I am an unlucky owner of a Firefree Roof which is the cement fiber product that simulates slate. It was an expensive install, lifetime warranty -- yada yada yada -- however, they went bankrupt and any class action suits have been closed. We had a small tornado that damaged our roof. I was able to beg, borrow and steal for some new tiles (20 bundles) but not enough for the job. I can harvest some off our cottage but they are so brittle that I fear it will be a difficult job to remove them undamaged. Does anyone have any suggestions on a product that could be sprayed or painted on the existing tiles that would bring some life back in them and also protect them from further wind and sun damage? I'm interested in opinions from people who don't necessarily have an interest in the sale.

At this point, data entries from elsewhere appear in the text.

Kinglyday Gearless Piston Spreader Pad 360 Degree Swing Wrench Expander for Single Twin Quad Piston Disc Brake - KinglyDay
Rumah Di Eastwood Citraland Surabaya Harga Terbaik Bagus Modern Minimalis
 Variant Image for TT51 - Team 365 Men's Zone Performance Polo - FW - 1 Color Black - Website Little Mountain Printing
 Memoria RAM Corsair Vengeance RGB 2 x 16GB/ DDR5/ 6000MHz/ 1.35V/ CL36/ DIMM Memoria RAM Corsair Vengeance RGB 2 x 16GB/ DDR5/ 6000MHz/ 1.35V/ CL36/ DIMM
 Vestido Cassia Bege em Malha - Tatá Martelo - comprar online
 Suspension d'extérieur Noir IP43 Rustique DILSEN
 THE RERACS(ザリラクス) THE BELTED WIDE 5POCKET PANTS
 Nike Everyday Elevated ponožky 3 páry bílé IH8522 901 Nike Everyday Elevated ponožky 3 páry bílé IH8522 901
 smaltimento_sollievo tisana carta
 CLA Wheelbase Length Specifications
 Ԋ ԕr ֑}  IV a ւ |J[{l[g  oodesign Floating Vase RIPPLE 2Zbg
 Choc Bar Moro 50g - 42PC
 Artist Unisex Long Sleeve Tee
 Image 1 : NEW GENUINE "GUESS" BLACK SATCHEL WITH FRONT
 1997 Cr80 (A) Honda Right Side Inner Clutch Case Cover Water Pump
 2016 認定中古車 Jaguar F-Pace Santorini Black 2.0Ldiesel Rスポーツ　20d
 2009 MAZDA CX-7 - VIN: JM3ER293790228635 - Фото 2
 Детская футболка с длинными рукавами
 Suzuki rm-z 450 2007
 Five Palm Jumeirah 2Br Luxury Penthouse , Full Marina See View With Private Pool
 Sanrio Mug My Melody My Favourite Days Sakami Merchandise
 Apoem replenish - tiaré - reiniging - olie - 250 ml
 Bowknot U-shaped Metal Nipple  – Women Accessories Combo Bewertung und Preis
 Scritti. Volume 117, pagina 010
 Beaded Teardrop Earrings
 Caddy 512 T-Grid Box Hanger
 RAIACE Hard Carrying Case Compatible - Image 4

Pleezzzzz... HELP!!!!


----------



## Ron6519 (Mar 28, 2007)

Sorry, but you're beating a dead horse with this roof. Spending any money what so ever to get more of it is...questionable.
Remove the roof, put it in a dumpster and put something over your head from a company still in business.
If you really want to beat this horse. save the usable tiles for the cottage.
Ron


----------



## cdwi (May 18, 2009)

*Re-roofing*

:furious:I looked into that option and 2 bids came in the $60,000 range for just the main house. My insurance company seems only interested in fixing -- not replacing. This lifetime guarantee only ran 10 years. Never ever again will I be sold on any new product without a history. Live and learn...


----------